Der Unglaube in die Sprache: überhaupt kein seltsamer Satz für eine Schriftstellerin, sondern wahrhaftigster Urgrund fürs Schreiben. Denn Sprache ist, so Müller, »etwas Künstliches, auch im Alltag, das Leben will ja nicht aufgeschrieben werden«. Sprache verbirgt, sie ist Botschafterin jener Lüge, man könne sich einander so ohne Weiteres verständigen. Aber die einen sagen Diktatur, die anderen Sozialismus; Staatssicherheit klingt so ganz anders als Spitzelwesen und ist doch das gleiche. Die Sprache singt von der Partei, und die Menschen leiden. Die Sprache behauptet Freiheit, und die Hände packen zu und schleppen Menschen ins Lager.
So wird Sprache für die schreibende Herta Müller etwas, das aufzubrechen sei, bis es als Versuch taugt, etwas nicht Lebbares lebbar zu machen. In diesem Falle: das »Arbeitslager« Volksdemokratie, die Willkür der Securitate, die Verfolgungen, die Ungewissheit, »man wusste eigentlich am Morgen nicht, ob man am Abend noch vorhanden ist«. Das Leben einer von sich selbst Enteigneten, das mahnende, beharrliche, unverrückbar anklagende Literatur wurde.
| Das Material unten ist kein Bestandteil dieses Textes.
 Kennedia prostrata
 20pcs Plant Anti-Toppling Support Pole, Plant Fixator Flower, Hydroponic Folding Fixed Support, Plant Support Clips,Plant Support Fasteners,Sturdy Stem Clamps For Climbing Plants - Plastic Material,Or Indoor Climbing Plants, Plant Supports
Eine Literatur, die panisch auf Zwischentöne reagiert, hinter denen Relativierung, Beschönigung lauern.
Herta Müller erzählt von der Entstehung ihres Romans »Atemschaukel«, von ihrer tiefen Freundschaft zum regimegepeinigten Schriftsteller Oskar Pastior (noch unwissend, dass er ein paar Jahre später selber als Denunziant der Geheimpolizei entdeckt würde), von ihrer Heimatlosigkeit auch im Westen. Einmal sagt sie: »Man wird nicht allgemein misstrauisch. Nein, man schaut sich immer die Leute an.« Die Konkretheit des Versagens ist da benannt, das Individuelle der Zuständigkeit, wenn es dann, da sich die Zeiten ändern, um Schuld und Sühne geht.
Nach jedem Buch, das sie geschrieben habe, so Herta Müller, sei sie wahrlich am Ende. Denn: »Ich muss mich den Dingen ja immer so stellen, dass sie stärker sind als ich.« Klarer Satz gegen eine Literatur, die listig über den Dingen steht, die nichts vom Beben der Erfahrung mitzuteilen weiß – aus Angst vor der Wahrheit oder aus Arroganz ihr gegenüber.
Hans-Dieter Schütt
Herta Müller: Ich glaube nicht an die Sprache. Ein ORF-Gespräch mit Renata Schmidtkunz (mit CD). Aus der Reihe »Gehört Gelesen«, hrsg. von Lojze Wieser. Wieser Verlag Klagenfurt/Celovec. 62 S., engl. Broschur, 19,90 €.